_Information shown:_
═══
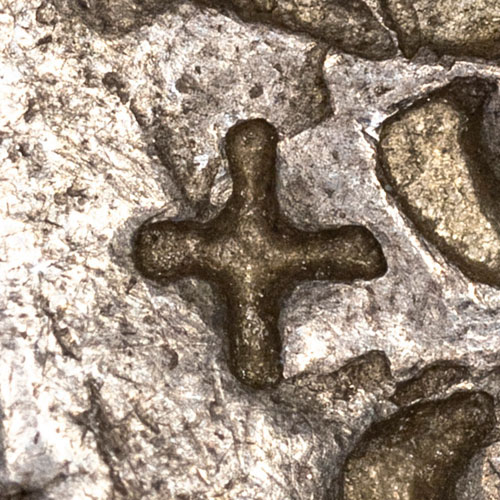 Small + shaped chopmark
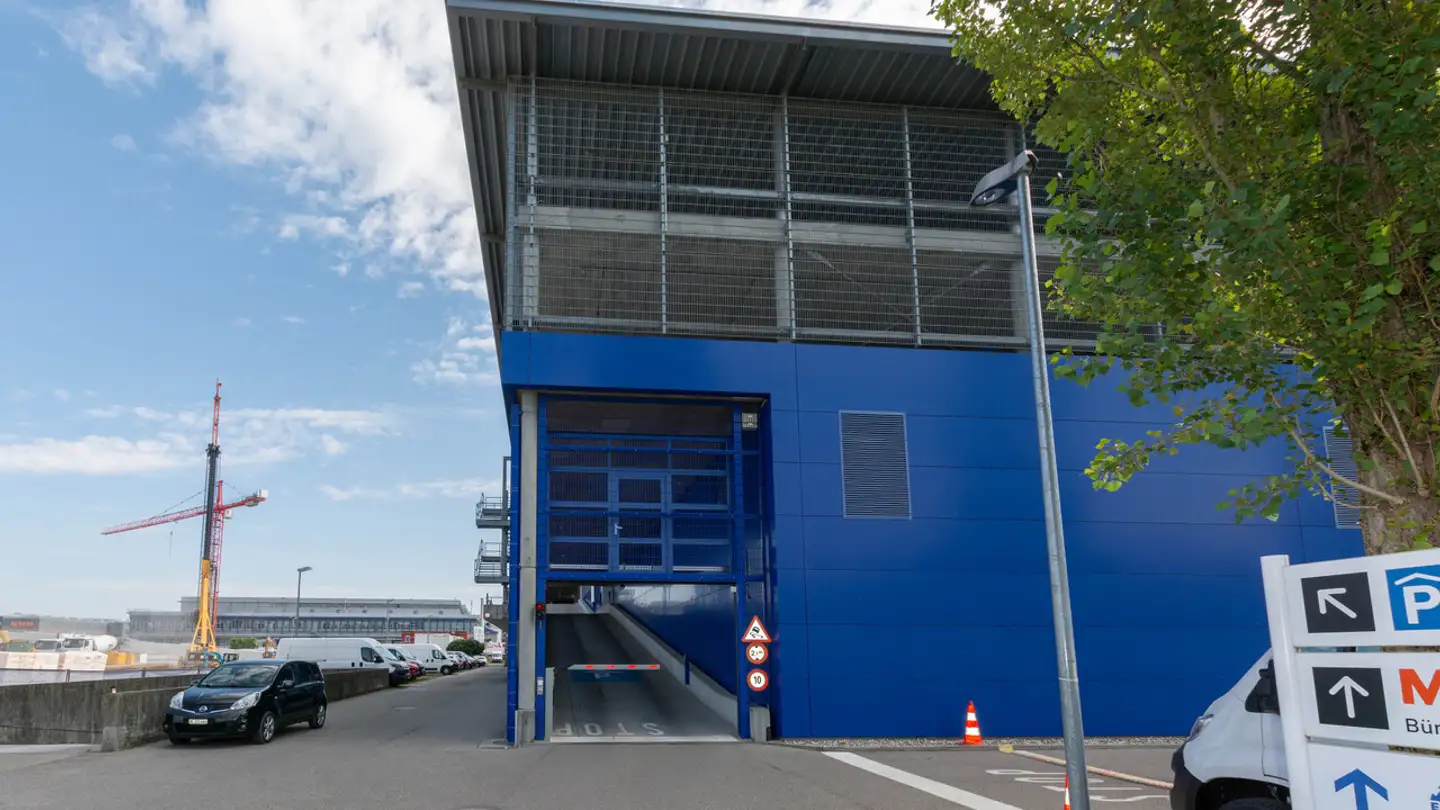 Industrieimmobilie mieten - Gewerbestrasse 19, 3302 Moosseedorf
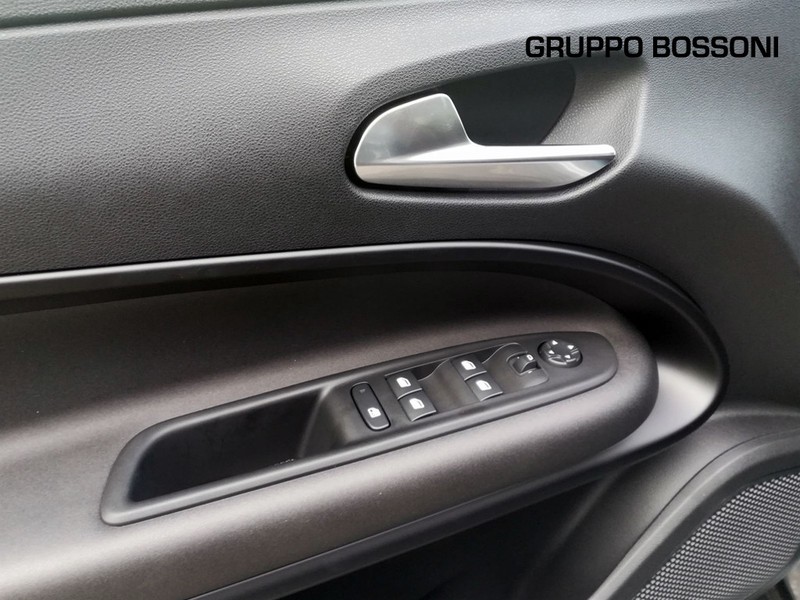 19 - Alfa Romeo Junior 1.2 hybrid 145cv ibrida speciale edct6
═══
_Assignment:_ Only the pictures are to be dropped; return everything else in the listing exactly.

_Solution to the problem:_
 Small + shaped chopmark
 Industrieimmobilie mieten - Gewerbestrasse 19, 3302 Moosseedorf
 19 - Alfa Romeo Junior 1.2 hybrid 145cv ibrida speciale edct6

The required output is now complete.